Les géants de glace d’hier et d’aujourd’hui

Le glacier du Rhône par le Nägelisgrätli
Le col du Grimsel est marqué par le trafic, les centrales électriques et les lignes à haute tension. C’est pourtant un endroit fascinant: modelé par les glaciers pendant des millénaires, exposé aux conditions rudes à 2164 mètres d’altitude, mais doucement éclairé par la chaude lumière du sud. Au niveau du col, motards, randonneuses et promeneurs se retrouvent au lac Totesee autour d’un café matinal. Les personnes motorisées repartent ensuite en descente, tandis que celles à pied peuvent encore aller plus haut. Le panneau indicateur se trouve derrière le restaurant Alpenrösli et pointe vers la crête Nägelisgrätli et le glacier du Rhône. Après un petit lac sans nom près de la route du col, le chemin grimpe déjà à pic. En partie aménagé comme un chemin muletier, il mène jusqu’au Nägelisgrätli en direction du Vorder Gärstenhorn. Les traces des glaciers disparus depuis longtemps sont visibles partout. La crête n’est jamais étroite ou particulièrement escarpée. Le lac Grätlisee est l’un des premiers temps forts de la randonnée. Il est abrité dans une cuvette creusée dans la roche par la glace. Souvent, le Galenstock enneigé et les autres sommets imposants de plus de 3000 mètres se reflètent à la surface de l’eau lisse. Après le lac, le chemin de randonnée continue à travers des éboulis jusqu’à ce que le glacier du Rhône apparaisse dans toute sa splendeur. La coulée de glace de 9 kilomètres peut être admirée comme depuis un balcon. Elle s’étend du bassin versant à la langue et au lac glaciaire toujours plus grand, près de la route du col de la Furka. Le chemin de randonnée officiel s’arrête ici, au point 2651. Les balisages vont toutefois encore plus loin et permettent de descendre en toute sérénité jusqu’à la moraine. Il est ensuite recommandé de revenir au col du Grimsel par le même itinéraire.
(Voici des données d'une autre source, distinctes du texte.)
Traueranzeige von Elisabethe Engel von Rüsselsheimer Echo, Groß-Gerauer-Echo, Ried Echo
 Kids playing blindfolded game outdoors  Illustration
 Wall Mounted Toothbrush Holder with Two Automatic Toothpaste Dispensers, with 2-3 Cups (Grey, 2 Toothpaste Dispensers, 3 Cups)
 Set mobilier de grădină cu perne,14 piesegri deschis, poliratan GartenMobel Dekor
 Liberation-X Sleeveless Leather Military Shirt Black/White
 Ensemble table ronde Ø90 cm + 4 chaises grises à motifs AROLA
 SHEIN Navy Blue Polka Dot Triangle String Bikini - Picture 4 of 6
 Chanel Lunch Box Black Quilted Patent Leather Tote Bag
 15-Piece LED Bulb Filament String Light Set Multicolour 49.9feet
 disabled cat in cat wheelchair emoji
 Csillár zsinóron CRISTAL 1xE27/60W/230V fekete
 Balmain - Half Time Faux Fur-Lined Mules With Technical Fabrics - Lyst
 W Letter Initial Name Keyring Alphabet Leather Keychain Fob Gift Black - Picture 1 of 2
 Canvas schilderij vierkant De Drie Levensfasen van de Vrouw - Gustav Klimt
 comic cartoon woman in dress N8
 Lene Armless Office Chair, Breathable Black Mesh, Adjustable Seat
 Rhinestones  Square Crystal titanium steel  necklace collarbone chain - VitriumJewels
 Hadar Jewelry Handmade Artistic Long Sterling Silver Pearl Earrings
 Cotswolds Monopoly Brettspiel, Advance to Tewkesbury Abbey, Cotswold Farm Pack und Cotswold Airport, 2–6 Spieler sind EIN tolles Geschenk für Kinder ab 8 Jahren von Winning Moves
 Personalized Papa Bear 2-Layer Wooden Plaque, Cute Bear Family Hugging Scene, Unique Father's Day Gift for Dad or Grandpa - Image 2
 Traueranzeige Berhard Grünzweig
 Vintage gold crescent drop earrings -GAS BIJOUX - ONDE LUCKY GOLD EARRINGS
Lentement, le car postal monte les virages de la route du col. Au petit matin déjà, les premiers cumulus se lèvent derrière le Vorder Gärstenhorn. Par la fenêtre du bus, Andreas Wipf observe attentivement le ciel au-dessus de la région du Grimsel. Le géographe est tendu. Pour cette journée, il a besoin de «grand beau», et s’il y a des nuages, seuls des nuages de beau temps sont tolérables.
Sa mission du jour: documenter l’état du glacier du Rhône à partir de 13 points de vue bien précis, en prenant des photos panoramiques haute résolution. Qui dit nuages, dit ombres sur le glacier. Et ces ombres rendent les changements par rapport à l’année précédente dans les névés, les crevasses ou la langue moins bien visibles sur les photos.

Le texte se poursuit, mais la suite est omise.